Where the employer is sued for damages for negligent injury to his employee, the former may not successfully defend the action upon the contention that it was an accident not reasonably to have been anticipated, especially when the defendant's negligence concurs and proximately causes the injury in suit.
3. Same — Assumption of Risks.
In order for the application of the doctrine of assumption of risks, it is necessary for the employee to have known of the danger he is alleged to have assumed, and where there is evidence tending to show that the injury in suit resulted from his obedience to an order from the defendant's vice-principal, who was aware of the dangerous conditions existing at the place the employee was instructed by him to work, and which caused the injury, and the employee was unaware thereof, a motion as of nonsuit on this ground will be denied.
4. Same — Fellow-Servants.
Where an employee was injured by a brick falling upon his head while engaged in the scope of his duties, which was one of those being tossed by other employees or his fellow-servants to a scaffold to be placed in the wall by defendant's brickmasons, and the place wherein the employee was thus engaged did not meet the requirements that the employer, in such instances, furnish his employee a safe place to work, which resulted in the injury, this duty is one the employer may not delegate, and the defense that the injury in suit was caused by the negligent acts of the employee's fellow-servant for which the employer was not answerable, is untenable.
APPEAL by defendants from Cranmer, J., at September Term, 1924, of DURHAM.
Brogden, Reade Bryant for plaintiff.
Fuller Fuller for defendants.
This action was brought by plaintiff, an employee, to recover of defendants, his employers, damages for a personal injury alleged to have been caused by the negligence of defendants (1) in failing to provide for plaintiff a safe and suitable place in which to work and (2) in failing to provide a safe and proper method for hoisting bricks to the walls of the building, in the construction of which plaintiff was at work as an employee of defendant.

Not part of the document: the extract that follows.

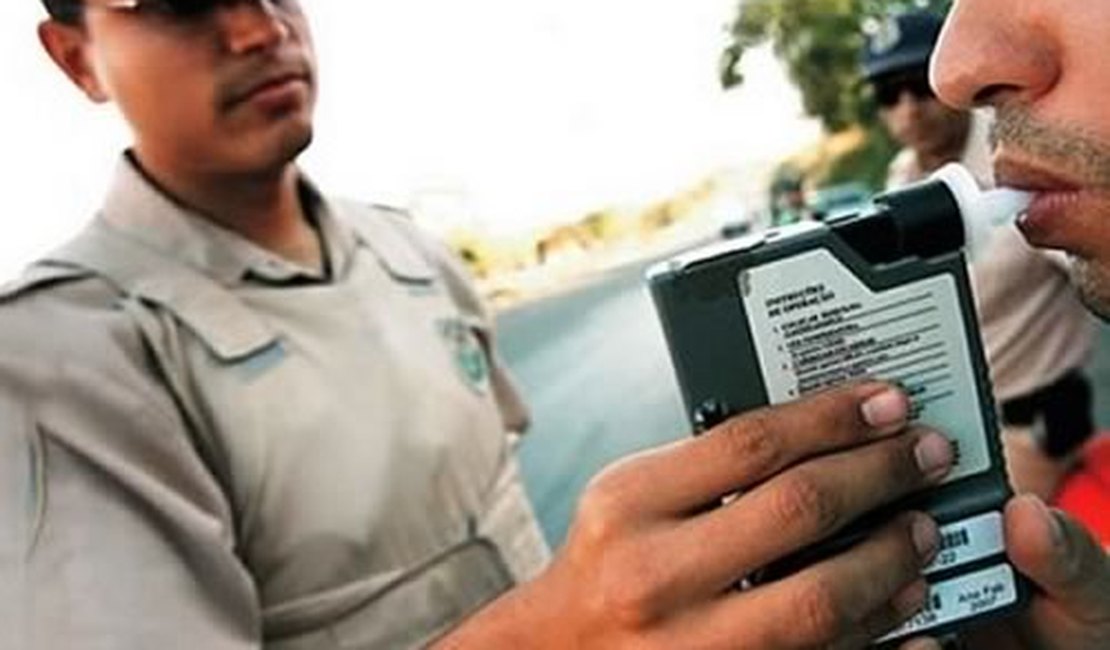 Operação Lei Seca em Rio Largo flagra 9 por embriaguez e recolhe 18 CNHs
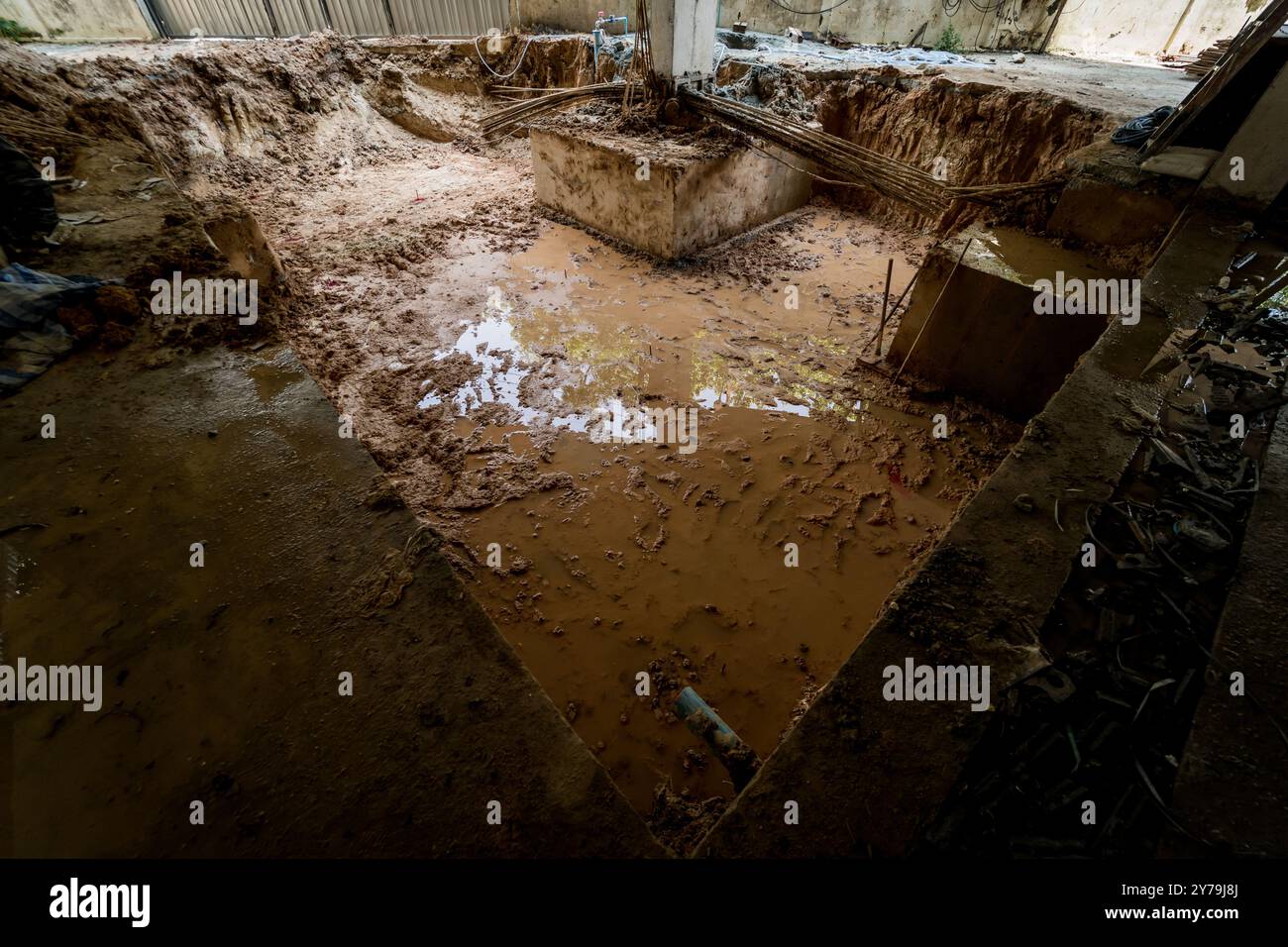Großer Erdhaufen, in dem sich viele Verstärkungsstäbe aus Metall befinden Stockfoto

It is alleged that plaintiff was at work on the floor of a building, in process of construction by defendants, as contractors and builders, near the stage or rostrum in the auditorium of said building, under the direction of a foreman of defendants; that plaintiff, with other employees, was at work upon steel beams or girders which were to be used in the construction of the building; that while plaintiff was thus engaged in the performance of his duties as an employee of defendants, brickmasons, also employees of defendants, were at work on a scaffold 12 to 14 feet above the floor on which plaintiff was at work; that laborers, or helpers of said brickmasons, also employees of defendants, were engaged in carrying bricks and mortar to a balcony or scaffold some 5 or 6 feet beneath the scaffold on which the brickmasons were at work and above the floor on which plaintiff was at work; that the laborers were required to pitch the bricks, which were hoisted from the floor to the balcony, to other laborers standing on the scaffold on which the brickmasons were at work where they were to be used by the brickmasons in the erection of a wall of the building; that a laborer on the upper scaffold failed to catch a brick pitched to him by a laborer on the lower scaffold or balcony, and that this brick fell a distance of 12 to 14 feet, striking plaintiff on the head while he was at work at the place to which he had been assigned by a foreman of defendants. As a result of the injury thus inflicted, plaintiff was rendered unconscious and has become a total mental and physical wreck.
As a defense to plaintiff's cause of action, defendants deny that plaintiff was injured by their negligence, alleging that such injury as plaintiff sustained was caused by the negligence of a fellow-servant of plaintiff and that said injury was the result of a risk ordinarily incident to work of the kind and character as that in which plaintiff was engaged and that plaintiff having assumed the risk of such injury as he received when he entered the employment of defendants, cannot recover damages of the defendants.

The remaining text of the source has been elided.